Alex is the admin, but he's not here often so expect a long wait.


----------



## Nick (Mar 5, 2009)

DDDorian said:


> Alex is the admin, but he's not here often so expect a long wait.




lol and he will feel the cold steel in his ribs when he reads that one


----------



## DDDorian (Mar 5, 2009)

I didn't mean anything by it, really. It's just frustrating because mods used to be able to change names and stuff before Alex took over, as far as I know, and someone asks this question every other day and we can't do anything.


----------



## hufschmid (Mar 5, 2009)

You know in the saint seiya episodes when the 12 gold saints put themselfes together to join their powers to brake a huge wall? 

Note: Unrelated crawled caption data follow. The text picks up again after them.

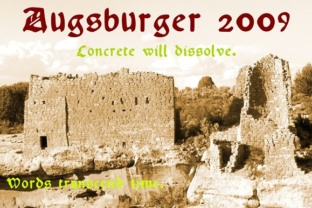 Augsburger 2009: A Timeless Font for Modern Branding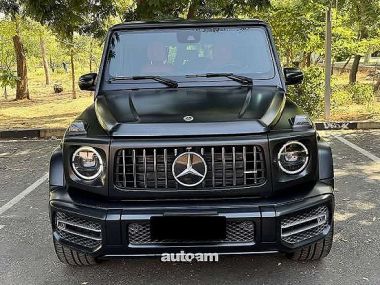 Mercedes-Benz G 63 AMG  2022 
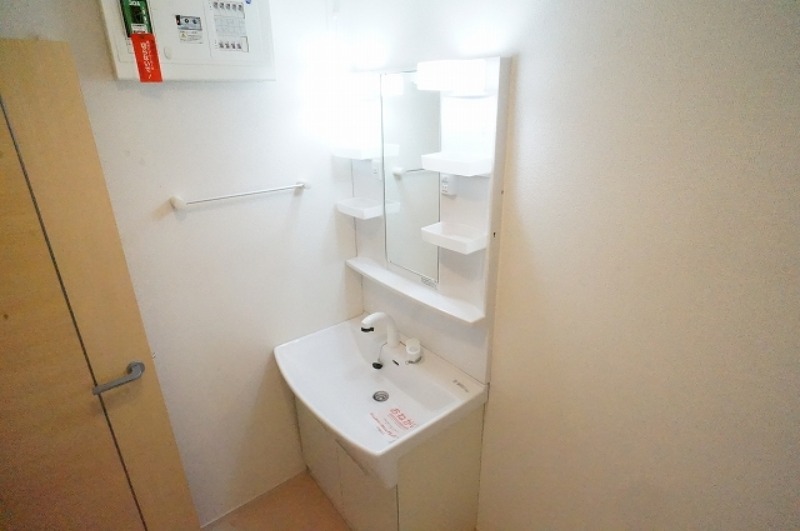 洗面設備　図面と現状に相違がある場合には現状を優先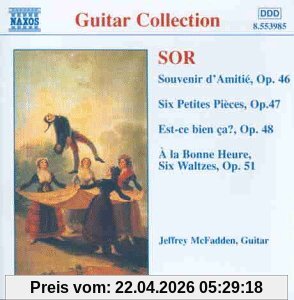 Werke für Gitarre (Op. 46-51)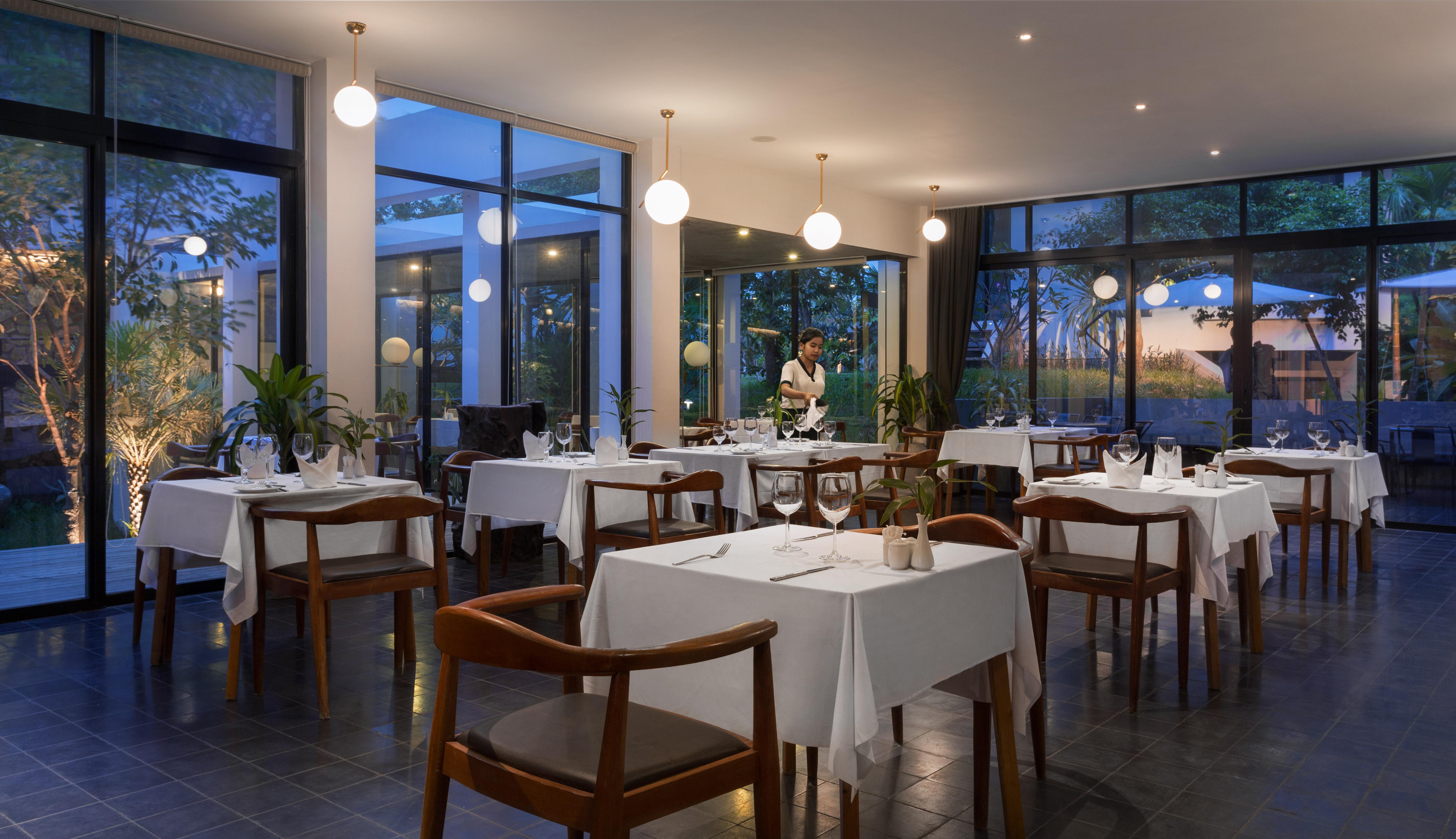 Hillocks Hotel & Spa Сиемрип Экстерьер фото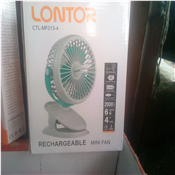 Rechargeable Fan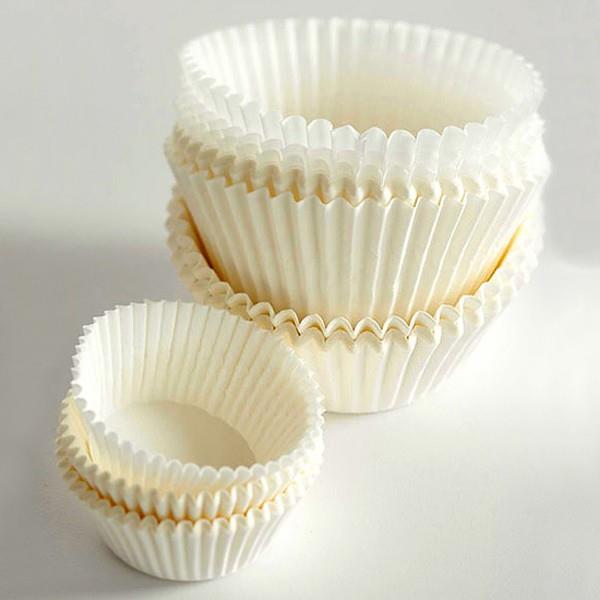 Cup giấy mềm lót cupcake, socola 12cm
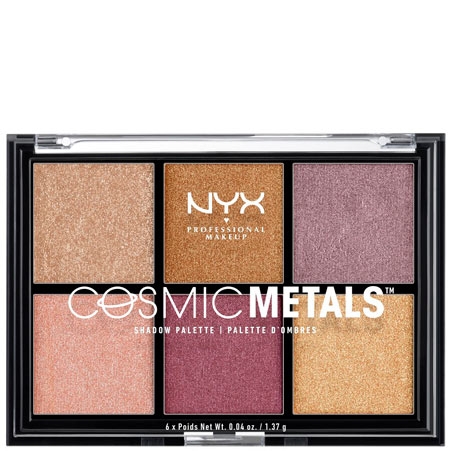 NYX Cosmic Metals Ögonskuggepalett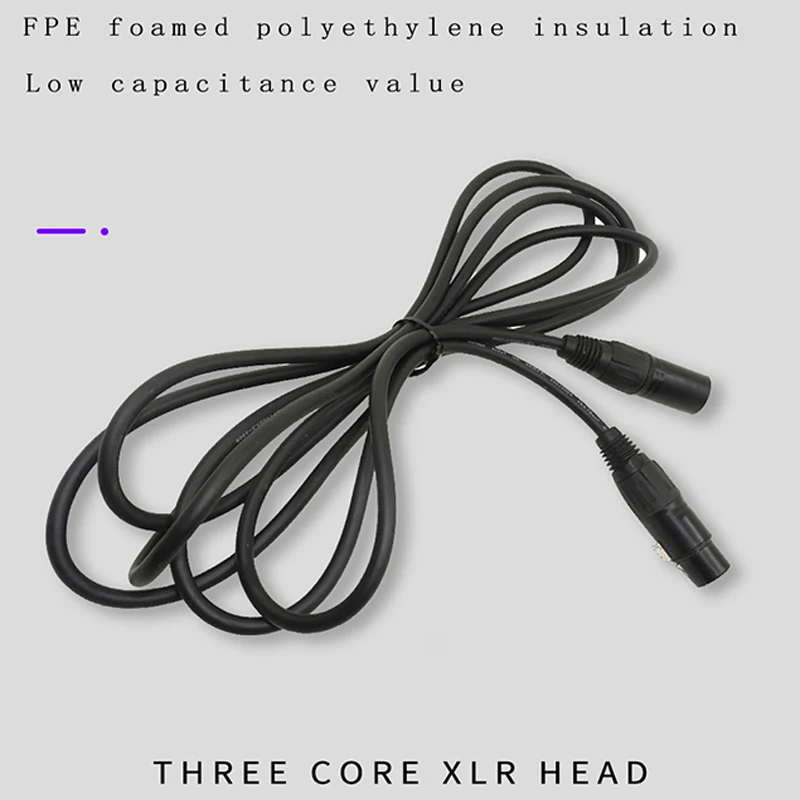 Wholesale Customization dmx cable 3pin all kinds of meters cables can be made dmx power cable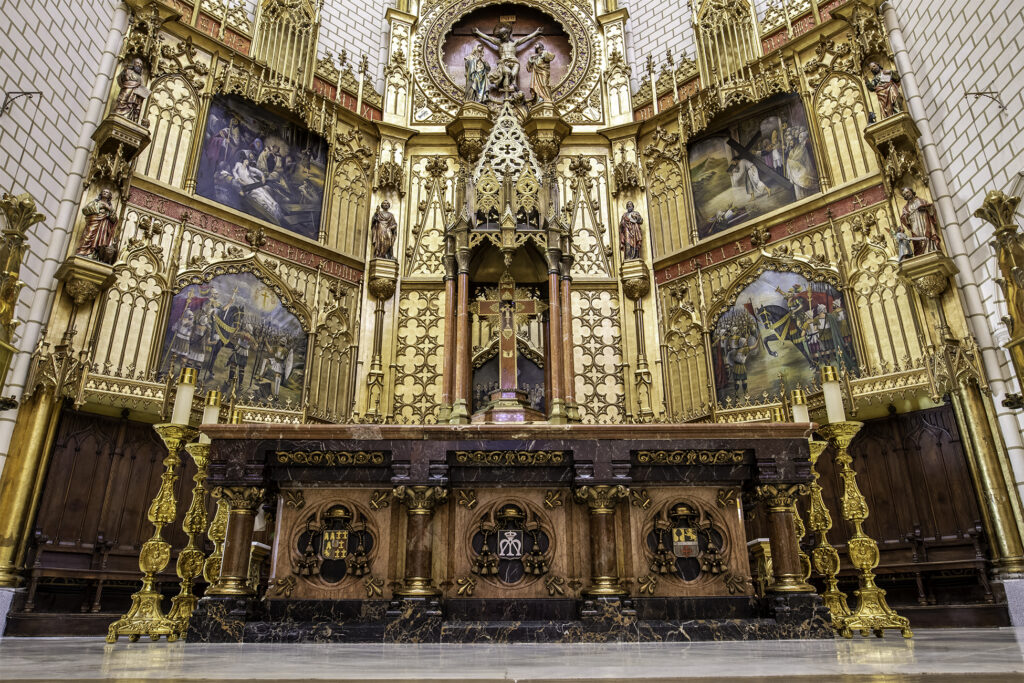 Altar Sana Cruz HDR 1024x683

Imagine the mods power against admin power 

This is the episode hehe



P.S: they eventually achieve to brake the wall


----------



## El Caco (Mar 10, 2009)

I don't think mods have ever been able to change user names.


----------



## Randy (Mar 10, 2009)

I don't know who ultimately changed mine (meaning, whether it was a mod or the administrator), but I had contacted metalfiend666 and he couldn't but he relayed me to noodles, and it was done shortly thereafter.


----------



## wannabguitarist (Mar 12, 2009)

I'm interested in this as well. I wasn't played on staying here when I made my first post so I thought of something stupid


----------